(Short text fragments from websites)
****************
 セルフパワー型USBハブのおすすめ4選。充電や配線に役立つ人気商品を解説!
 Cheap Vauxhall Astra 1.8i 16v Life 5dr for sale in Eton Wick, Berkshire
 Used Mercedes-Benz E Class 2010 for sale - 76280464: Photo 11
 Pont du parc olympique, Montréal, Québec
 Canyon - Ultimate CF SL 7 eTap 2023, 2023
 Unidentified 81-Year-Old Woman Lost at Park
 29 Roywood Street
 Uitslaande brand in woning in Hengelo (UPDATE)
****************
Please transcribe the data shown above in full, exactly as it stands.

* **Answer for this exercise**
 セルフパワー型USBハブのおすすめ4選。充電や配線に役立つ人気商品を解説!
 Cheap Vauxhall Astra 1.8i 16v Life 5dr for sale in Eton Wick, Berkshire
 Used Mercedes-Benz E Class 2010 for sale - 76280464: Photo 11
 Pont du parc olympique, Montréal, Québec
 Canyon - Ultimate CF SL 7 eTap 2023, 2023
 Unidentified 81-Year-Old Woman Lost at Park
 29 Roywood Street
 Uitslaande brand in woning in Hengelo (UPDATE)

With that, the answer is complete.